Investors are increasingly aware of the risks and impacts of climate change, and
of the emerging opportunities for investments that help to cope with them. In
2024 the World Economic Forum (WEF) identified extreme weather as the second
most significant global risk over the next two years, and the most significant global
risk over the next ten years (WEF, 2024). This is resulting in increasing investment,
including private investment, in a wide range of assets, technologies and services that
offer climate adaptation and resilience solutions (JPMAM, 2023). This is anticipated to
evolve into a multi-trillion-dollar market in the coming years (WEF, 2022).

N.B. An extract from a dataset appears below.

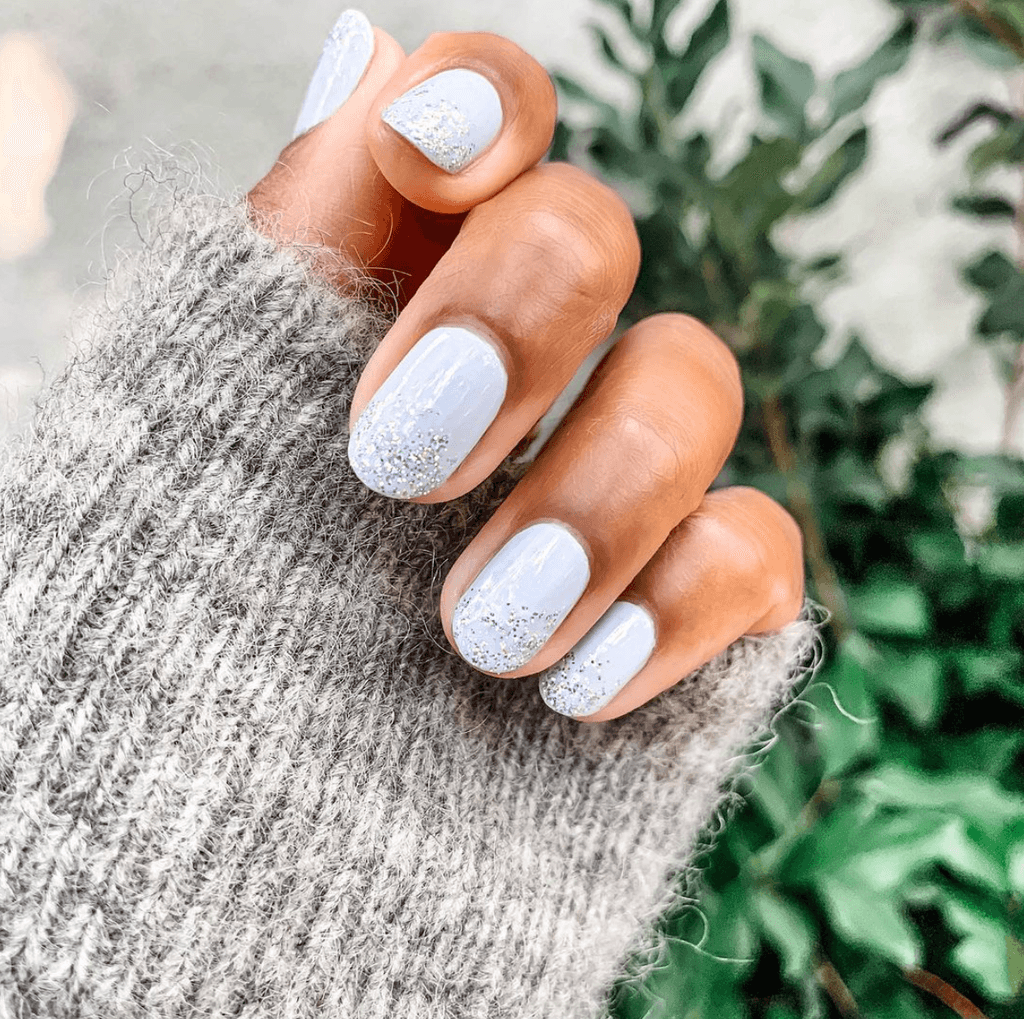 Pale Blue Glitter Cuticle Accent — Winter Round Nails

However, where climate mitigation finance is relatively well understood and easy to
measure against, the same is not yet true of climate adaptation finance. To prioritize
and scale up investment in adaptation and resilience, investors need to better
understand the types of adaptation and resilience,4 what qualifies as adaptation
finance in private investment, and have suitable methodologies to accurately measure
and report on the positive adaptation and resilience impacts of their investments.5
These methodologies need to be clear, consistent and comparable, with a focus on
reporting the positive impact of the investment on adaptation and resilience of people,
the planet and the economy, not just the quantity of finance committed.
This will support investors to better develop investment strategies, originate and
prioritize investments, manage portfolios and report on impact. This will ultimately
allow investees to communicate the positive impact of their practices and solutions,
demonstrating their ability to thrive and attract capital in the face of intensifying
climate change impacts. In turn, this will enable investors to pursue emerging
commercial opportunities in this field, and to collaborate with other stakeholders,
such as co-financiers and regulators, to scale investments.
4 The terms ‘climate change adaptation’, ‘adaptation’, ‘climate resilience’ and ‘resilience’ are often used
interchangeably. This document uses the umbrella term ‘adaptation and resilience’ to cover all of them.
5 Throughout this document the term ‘investment’ is intended to refer to a specific investment venture
or investee. It may include, but not be limited to, debt, equity, quasi-equity and guarantees.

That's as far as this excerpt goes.